▸ **Task details**
When the listing below reaches the line that has "Square Machine Washable", start reproducing exactly; stop after the line that has "Protesters stage a", and drop the pictures.

▸ **Listed entries**
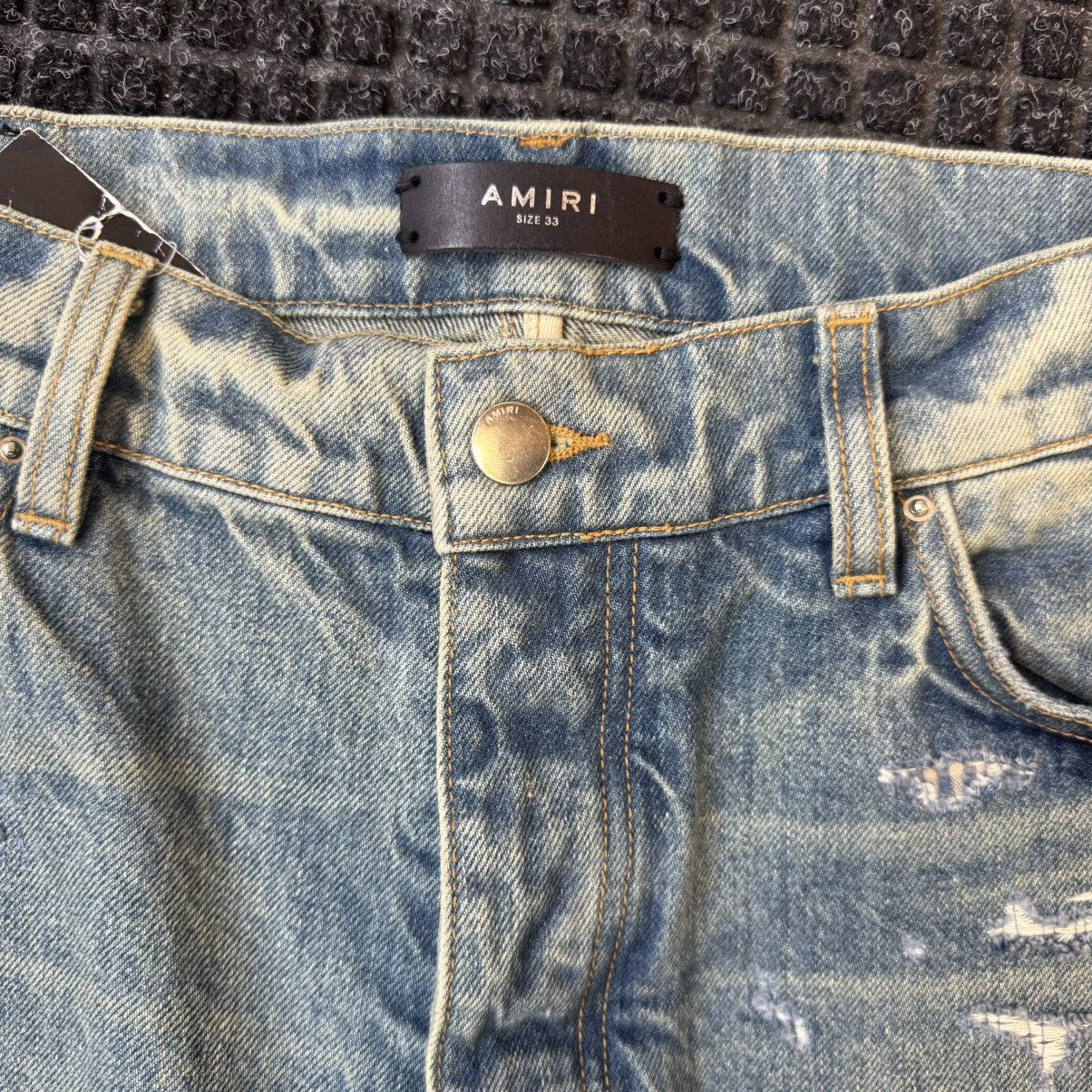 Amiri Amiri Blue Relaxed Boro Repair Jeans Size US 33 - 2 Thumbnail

==

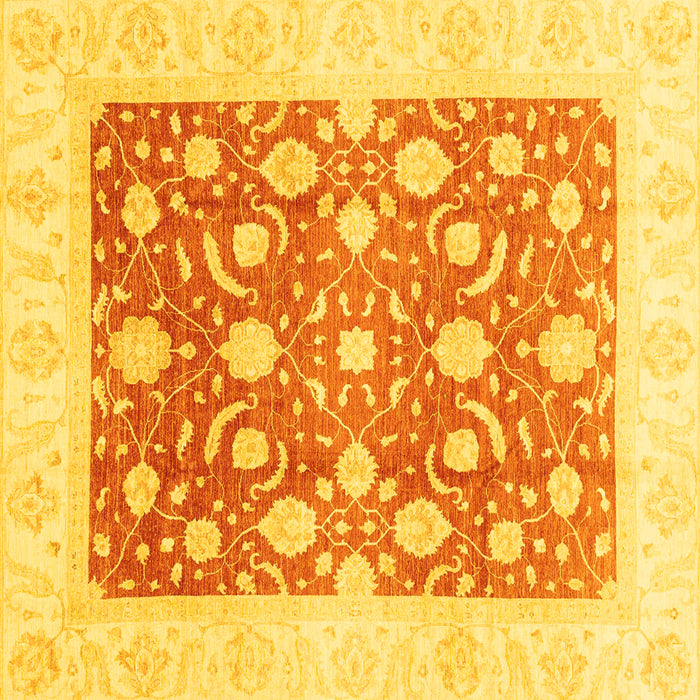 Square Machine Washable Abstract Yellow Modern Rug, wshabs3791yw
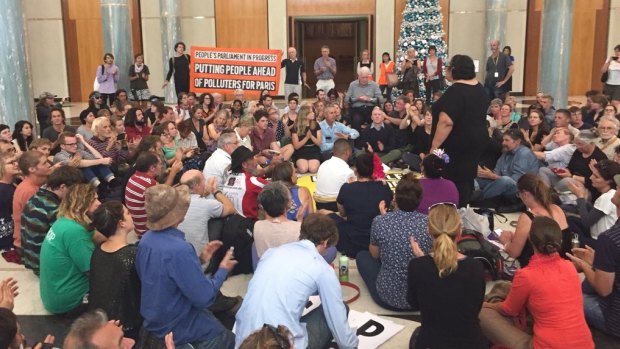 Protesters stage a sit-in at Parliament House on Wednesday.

▸ **The completed task**
 Square Machine Washable Abstract Yellow Modern Rug, wshabs3791yw
 Protesters stage a sit-in at Parliament House on Wednesday.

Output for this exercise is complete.